# HELP!! Leash Pulling



## lucy2005 (Oct 16, 2020)

Hey guys, I have an 8 month old Hungarian Vizsla who I’ve been training “heel” and “close” and also recall. When we’re on a walk and he starts pulling on his lead he will completely zone out and won’t listen to me. Even if I show him the dog treats he doesn’t even want to eat them or sniff them. Please if you have any food/treat recommendations that will make him more encouraged to stay near me please help. Also if you have any tips on loose leash walking and pulling please help. Any help will be highly appreciated.


----------



## PhilipL (Sep 28, 2018)

Hello Lucy,

Having a 30 Kg Vizsla (who thinks he is a Husky) I have tried everything, regular collars, regular leads, rear fastening harnesses, front fastening harnesses, choke collars, haltys, slip leads, the lot.

What I have now not only works, but doesn't have some of the drawbacks from the above list. It is called a 'GenCon' and you can read all about it here https://gencon-allin1.co.uk/

I have several friends locally, with both Vizslas and Pointers, all are using 'GenCon' leads.

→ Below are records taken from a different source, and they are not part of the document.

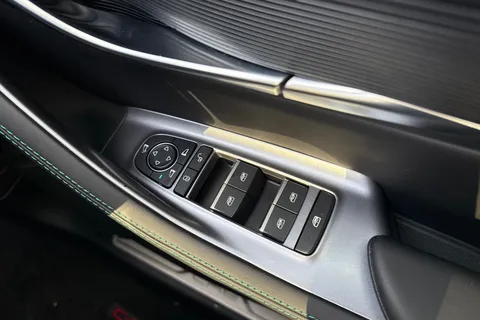 LA25RZD BYD Seal U 1.5 DM-i 18.3kWh Boost CVT Auto Euro 6 (s/s) 5dr Thumbnail #47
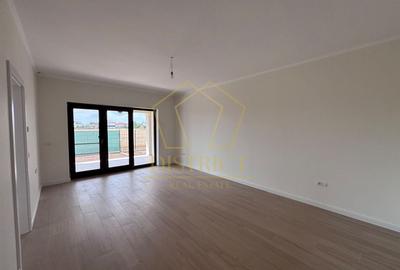 Duplex cu 5 camere cu Canalizare în Dumbrăvița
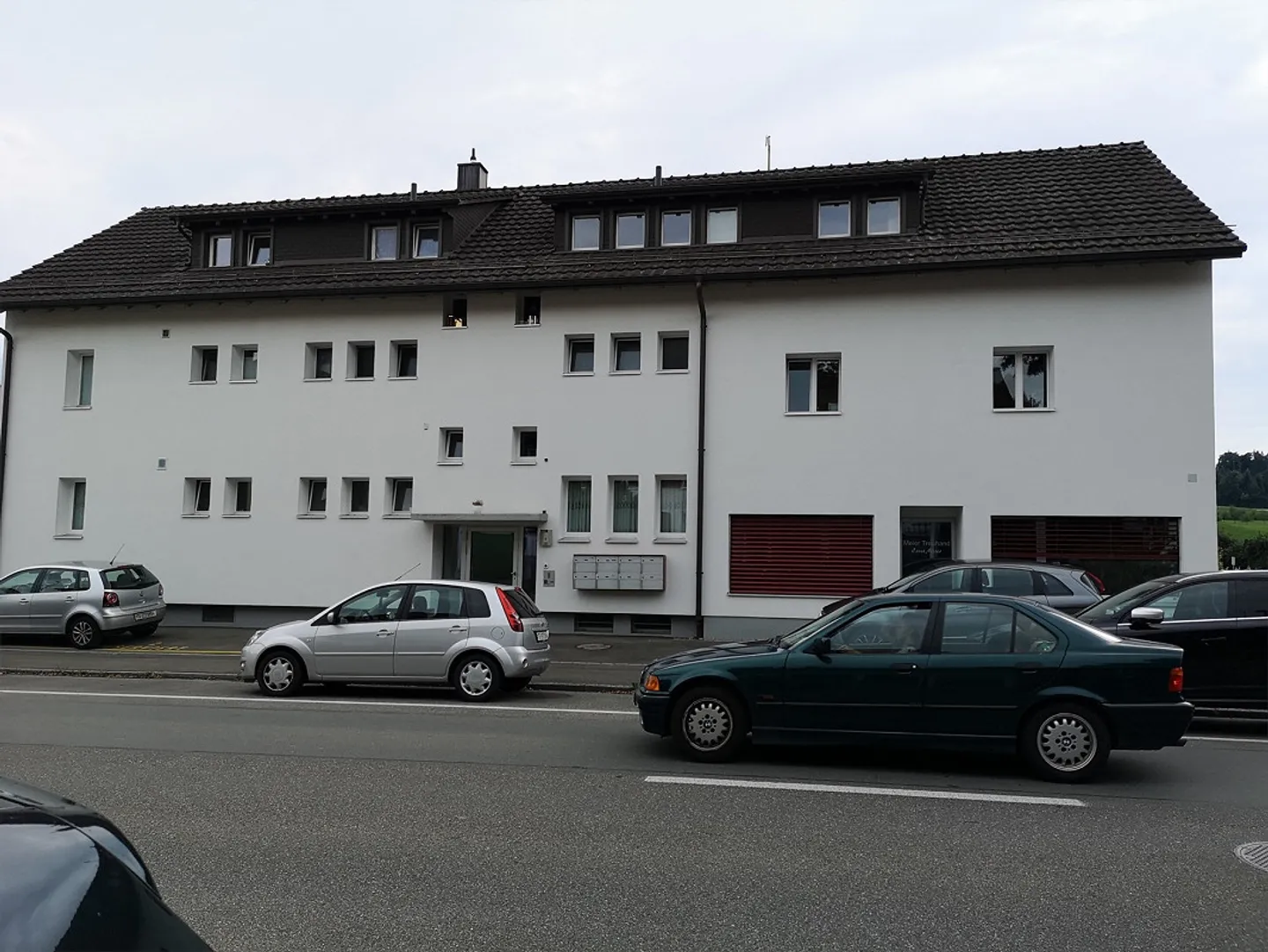 Tranquillo appartamento di 4 locali, 1° piano destro - Foto 1 di 10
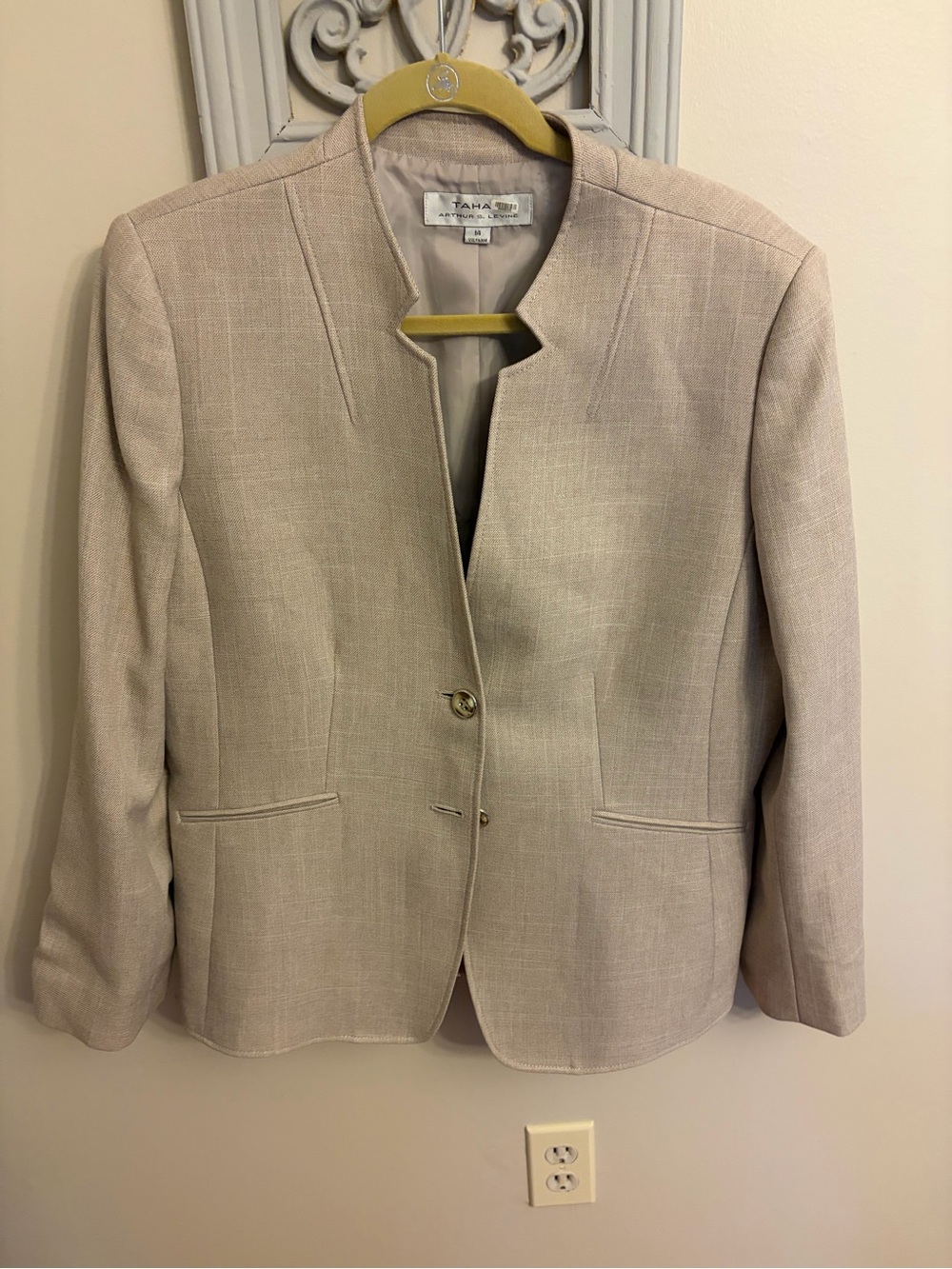 Tahari Light Beige Collarless Women's Blazer Jacket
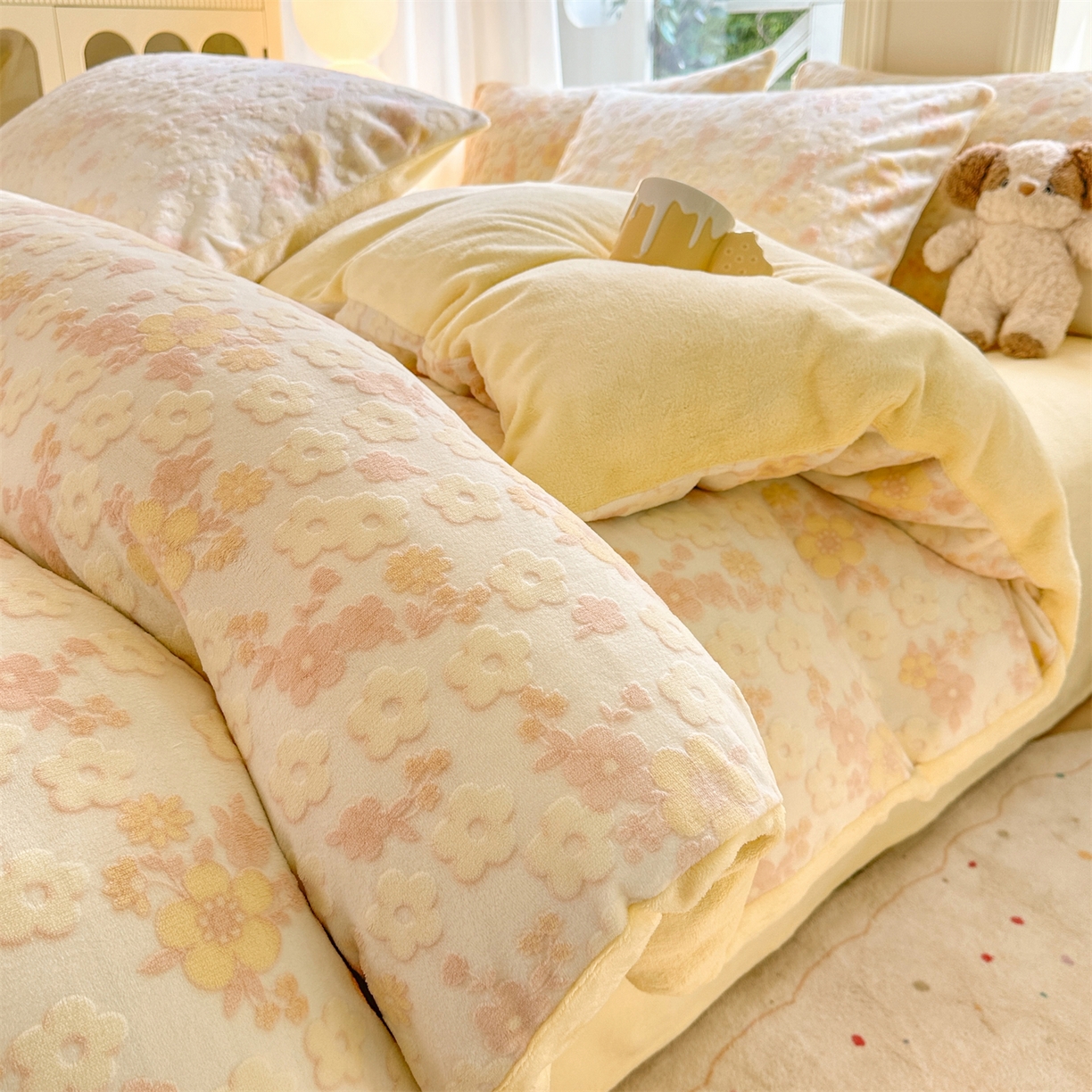 91家纺网 家纺一手货源 找家纺 灰鲸 2025新款立体雕花牛奶绒四件套 花海-黄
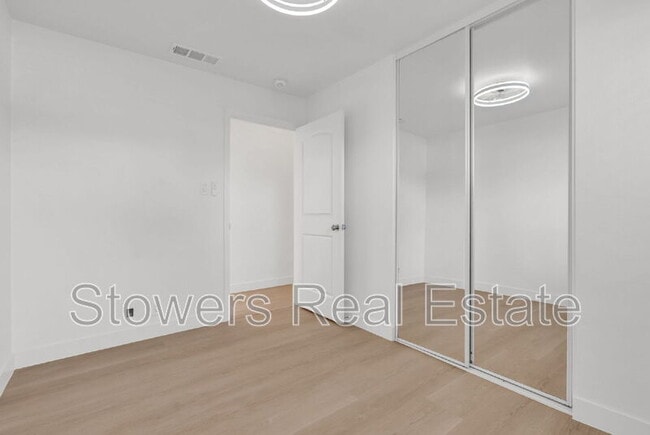 Building Photo - 3225 Claudia Dr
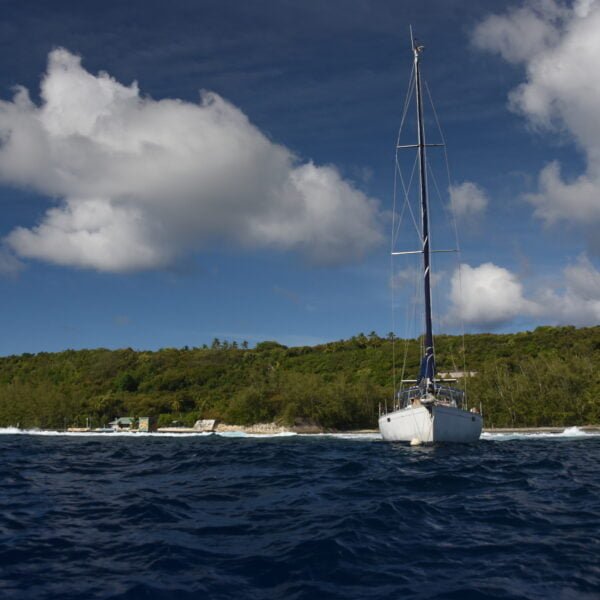 voilier île falaise bateau location polynesie makatea tahiti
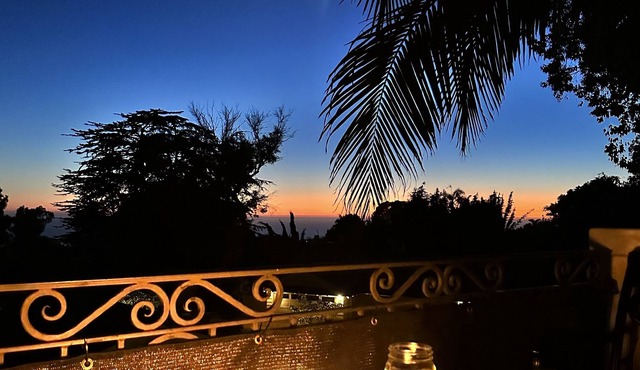 Beautiful Mediterranean Home Near Beautiful Canyon & Coastal Walking Paths.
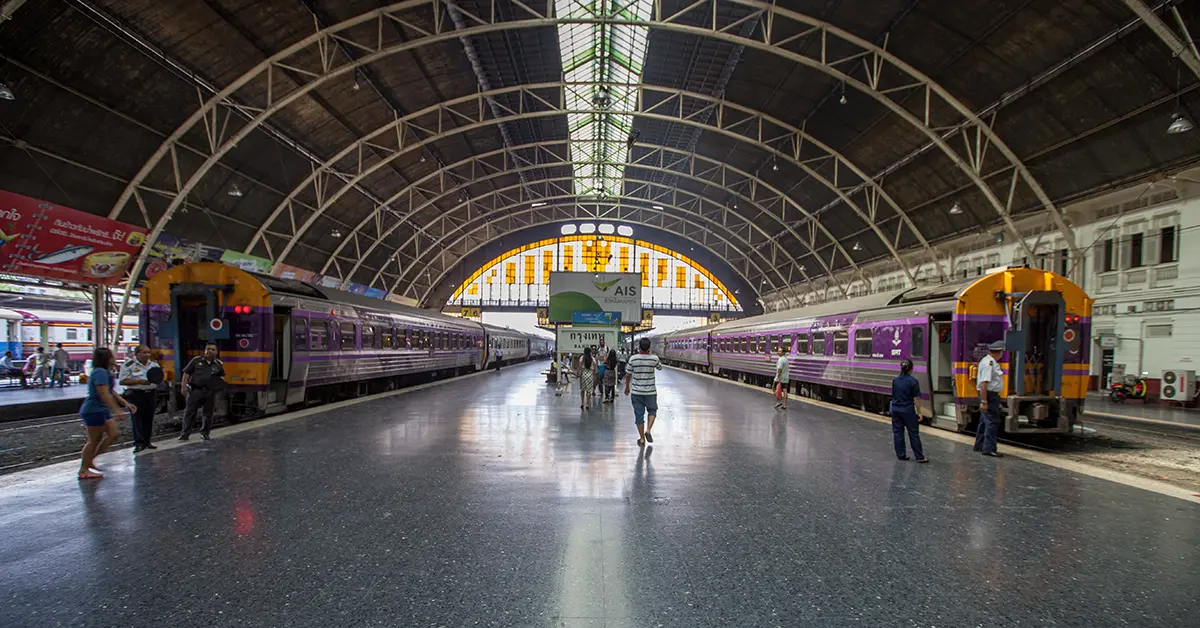 Treinstation Bangkok met langeafstandstreinen – treintickets Thailand voor reizen tussen steden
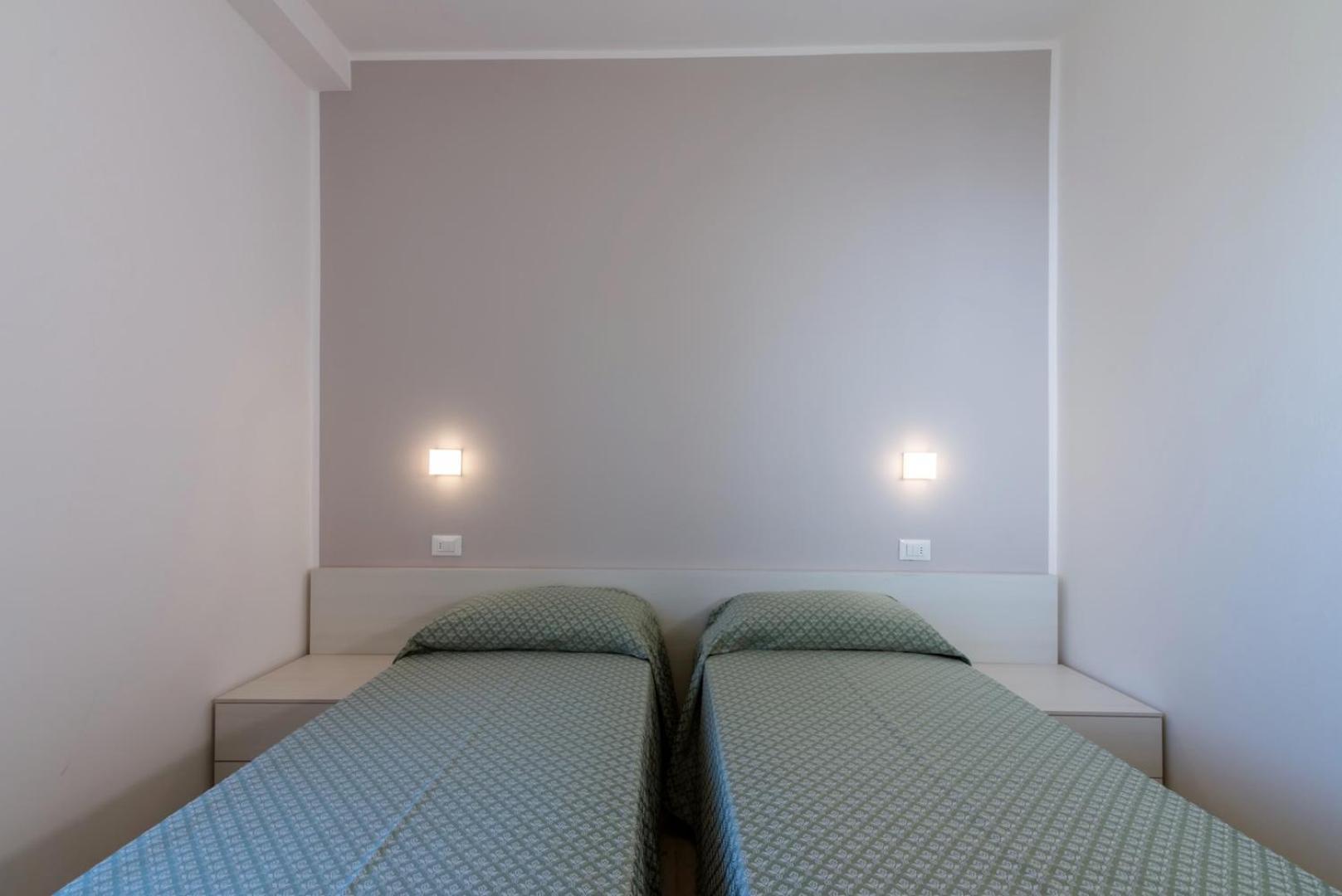 Residence Elle Сан-Бенедетто-дель-Тронто Екстер'єр фото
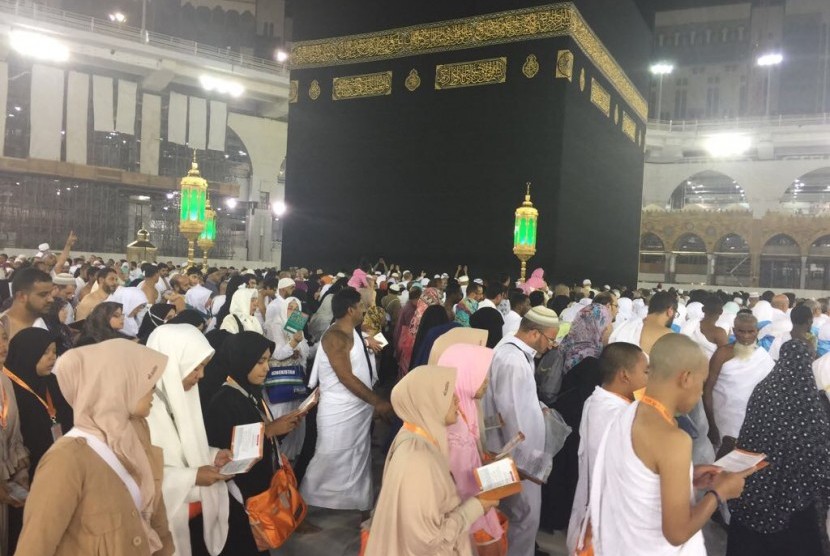 Jamaah umrah melaksanakan tawaf.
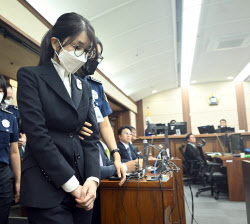 헌정사상 첫 '영부인 재판'…김건희, 혐의 모두 부인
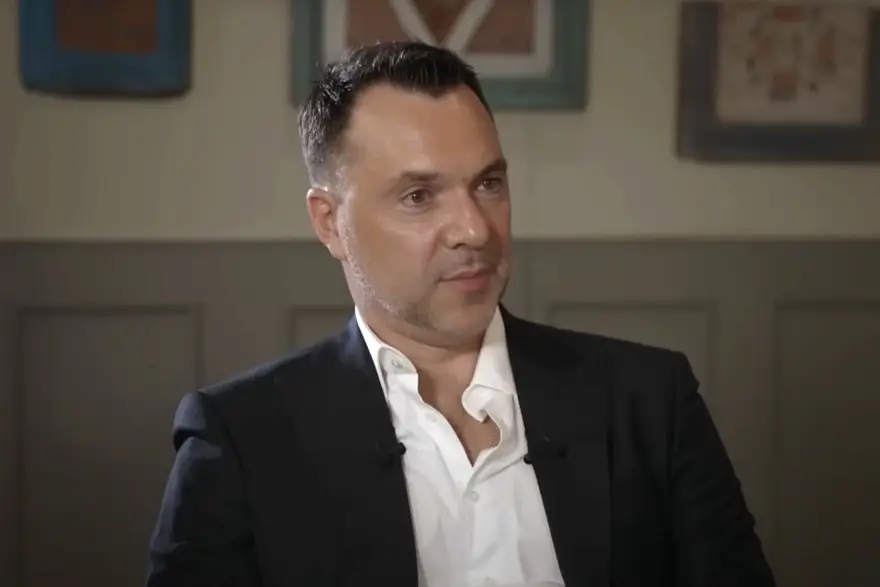 Арестович* предложил передать России Крым и новые регионы без их признания российскими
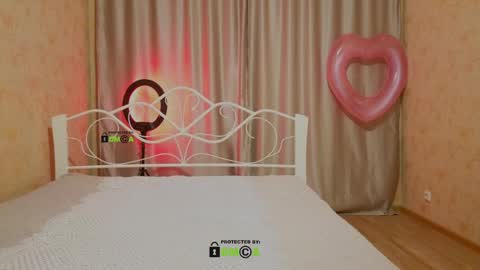 Snapshot of berkova_le chatting on March 2026 07:19:01 PM Berkova L online show from March 2026 07:19:01 PM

I particularly like the version with the spring clip on the end, as I can either clip it to the lead for a regular hand hold loop, or clip it onto Rafa's collar for a second point of contact or if I need to quickly get him under control from being off leash to get past another dog owner I can actually use it in reverse and clip to his collar and then release him again after a few seconds.Putting the GenCon on the regular way takes a little while longer in these fast circumstances.

I am sure the others here will give you advice about alternative training, I just wanted to mention the best lead I have found that actually stops the pulling.

Regards

Philip


----------



## gunnr (Aug 14, 2009)

The "gentle leader" style devices as mentioned can be tremendous aid, but they too have to be introduced.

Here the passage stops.